21. Telegram From the Embassy in Iran to the Department of State0

1164. Eyes only for President and Secretary. From Harriman.1 Had some six hours conversation with Shah, the first third alone at his request and latter part at luncheon and after with Ambassadors Wailes and Zahedi. How much permanent value will result is hard to estimate, but Wailes agrees, and statement last night of Prime Minister indicates, Shah was highly pleased by discussion and message from you indicating [Page 45] your interest in supporting Iran as essential corridor to block Soviets’ advance into Middle East. Of course, I made no commitments as to amount of military and economic aid. I was able, however, to allay his fears that your statements about a new policy towards neutrals did not mean an encouragement to Iran to return to neutralism but referred only to countries which were unwilling to make issue and join military alliance. I fully agreed with his statement that he believes Iran would be lost if it attempted to adopt policy of neutralism. The Communists would infiltrate and eventually take over; whereas Iran’s role as strong partner of the West gives only hope for continued independence and prosperity for Iranian people. He explained his belief that Iran was only country in this part of world (with the possible exception of Iraq) that had economic potential to develop European standard of living, since it is underpopulated and has great potential with natural resources including enormous expandable irrigated lands. Iran could be example of what West could do against Communist claims. All of these developments, of course, require large investments. The Shah asks that we give him a helping hand in three areas: (1) his well-known request for military aid; (2) economic and technical aid including Shiraz University (Shah is committed to continue expansion education which has made great progress since my last visit); (3) influence on oil companies for greater percentage of market (Kuwait’s sale 50 percent greater than Iran’s burns him up).

He told me British Foreign Secretary Home had last week promised to help induce oil companies to recognize political importance of Iran. He insists that we should do the same. He maintains that if oil sales are increased, it would, thereby, reduce his needs to beg aid from us. He is unhappy that most all our allies belong to pacts of which we are member and are thus directly guaranteed. He is not fully satisfied with Eisenhower Doctrine guarantee in bilateral agreement. He feels that if we were serious about CENTO, we would insist upon strategic defense plan which he claims decision has been constantly postponed by U.S. He states emphatically Iran would be better off if U.S. would make up its mind what its long-term aid policy would be and he could adjust his economic and military program to it. Wailes and I told him that his position in this regard made sense to us. I laid at rest his fears that you might be making some special deal with Khrushchev which would leave him out on a limb and I gave him definite assurances that you would never do this without prior consultation. I explained your general attitude towards negotiations with Khrushchev.

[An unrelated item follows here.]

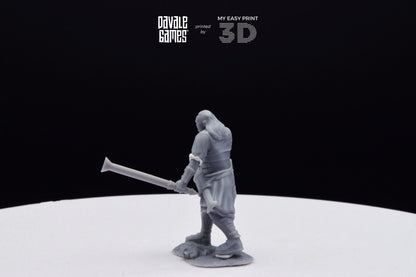 Outrider blood handed captain with two swords - Davale Games - 3D Printed with high quality resin for LOTR/D&D games
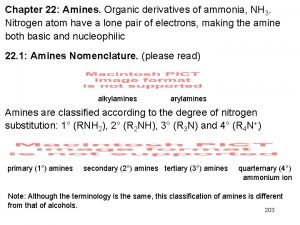 Chapter 22 Amines Organic derivatives of ammonia NH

Almost every part of the world came up for discussion and he seemed to be pleased to be able to discuss his views with us. He explained why it had been necessary for him to have a cabinet of technicians but expressed a desire to work towards political ministers with [Page 46] more responsibility towards Majlis. In recent new shuffle of Cabinet, he stated that he had given orders to his new Ministers to fight corruption and specifically to the Finance Minister to be tough in collecting more income taxes and to live up to stabilization agreement

He explained that the Prime Minister’s visit to Moscow, to take place in late April or early May, was purely gesture of good will. The Foreign Minister would not accompany him in order to avoid discussion of political commitments. The Trade Minister would probably accompany him. He asked me to assure you that you could count on his complete loyalty to the West and the Iranian hope to play an increasingly important role in strengthening the West against Kremlin and Peking aggression.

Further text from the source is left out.